POUR QUE CE QUI A GERME A PARIS FLEURISSE EN PALESTINE

jeudi 4 décembre 2014
par  Pierre TRAPIER

Samedi 29 novembre, la journée internationale de soutien au peuple Palestinien célébrée chaque année, aura fait à nouveau battre le pavé à ceux qui soutiennent sans relâche, la revendication d’un État souverain. Ce rassemblement, à l’appel du collectif Drômois avait un goût de déjà vu, sauf que la mobilisation s’adressait cette fois-ci, avec plus d’insistance, à la représentation nationale. Celle-ci, au pied du mur, avait à se prononcer sur la reconnaissance de l’ État palestinien.

C’est ce qu’ont fait quelques jours plus tard les députés français. Par 339 voix pour et 151 voix contre, l’Assemblée Nationale a invité le gouvernement à "reconnaître l’État de Palestine". Ce vote qui pointe la poursuite illégale de la colonisation dans les territoires palestiniens est d’une grande portée politique. Les députés communistes ont demandé cet acte à vingt-quatre reprises aux gouvernements qui se sont succédé et, cette fois-ci, l’occasion n’a pas été manquée. La majorité des Français aspirent désormais à pouvoir regarder la tête haute leurs amis du Proche Orient quand ils ont dû la baisser après le soutien de François HOLLANDE aux massacres de Gaza. Ce vote doit les encourager à amplifier la mobilisation et leur détermination.
Ce résultat est un vote pour la paix.

Après que la Palestine se soit invitée à l’Assemblée Nationale, le Sénat se prononcera à son tour le 11 décembre à l’initiative des sénateurs communistes.
Comme le rappelait Marc FERRAPIE de l’AFPS devant la Préfecture, tout ou presque reste à construire et de citer Nelson Mandela qui a dit en son temps "que les Sud-Africains ne se sentiraient pas complètement libres tant que les Palestiniens ne se sentiraient pas libres".

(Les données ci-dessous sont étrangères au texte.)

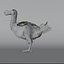 Dodo Rigged Animated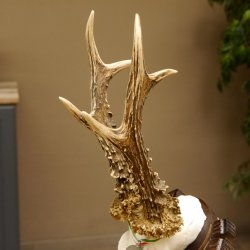 Rehgeweih Medaillenklasse Silber 400 g CIC 117,53 IP HL bis 24,5 cm hochkapitaler Bock Reh Geweih Gehörn Schild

Sachons-le, le vote de la résolution à l’Assemblée Nationale ne doit pas être l’expression de la bonne conscience mais doit désormais obliger le gouvernement français conduit par François HOLLANDE à reconnaître l’État de Palestine comme 135 pays l’ont déjà fait et à faire aboutir une résolution juste et claire au Conseil de sécurité de l’ONU afin de faire avancer le processus pour bâtir un État viable pour les Palestiniens.
Parmi les institutions politiques qui pourraient faire infléchir les politiques de colonisation d’Israël, l’Union Européenne fait partie des mieux placées. Il suffirait pour cela de faire respecter l’article 2 des accords d’associations signé en 2000 entre Tel Aviv et Bruxelles stipulant que les relations entre Israël et l’Union Européenne "devront s’appuyer sur le respect des droits de l’homme et des principes démocratiques qui guident leurs politiques intérieures et internationales". Ces principes ont été systématiquement violés par Israël.
Chacun a bien conscience que si un pas en faveur de la paix a été franchi, tout reste à faire. Nous devons tous savoir que le gouvernement israélien ne veut pas la paix comme en témoignent les récentes déclarations de NETANYAHOU pour mettre les bouchées doubles dans l’extension des colonies. Nous sommes conscients, instruits par l’histoire, que nous sommes encore très loin d’une paix juste et durable pour les Palestiniens.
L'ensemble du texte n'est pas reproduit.